**Collected material**.

+ + + +

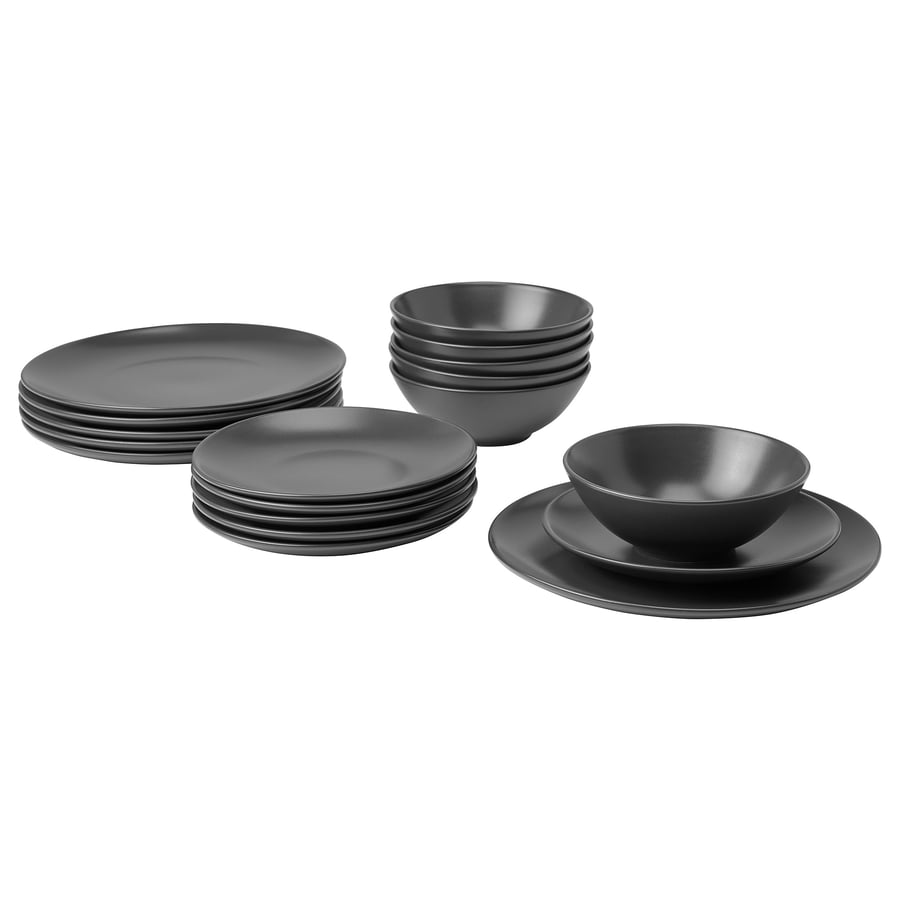 FÄRGKLAR
18-piece dinnerware set, matte dark gray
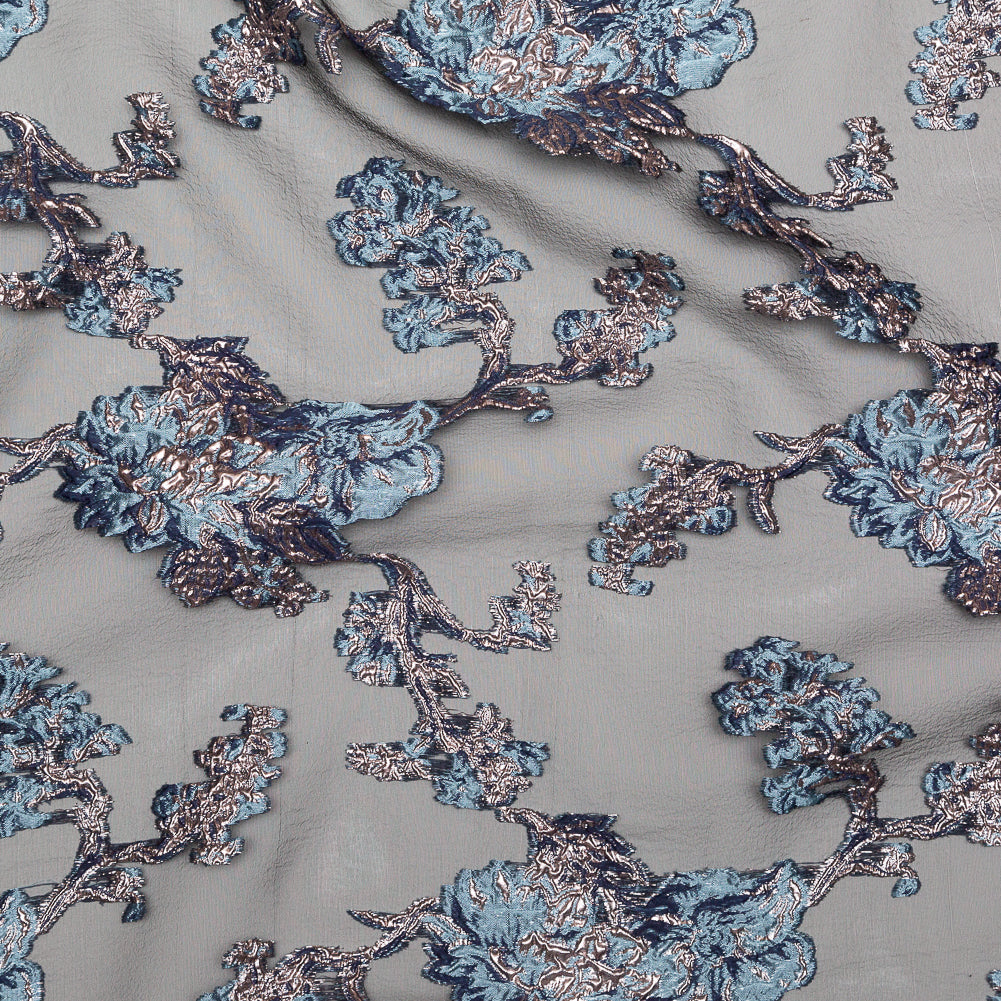 Metallic Blue Granite and Rose Gold Luxury Abstract Burnout Brocade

+ + + +

**Directions for this task**. Restate every line above exactly, omitting images.

**Result**.
 FÄRGKLAR
18-piece dinnerware set, matte dark gray
 Metallic Blue Granite and Rose Gold Luxury Abstract Burnout Brocade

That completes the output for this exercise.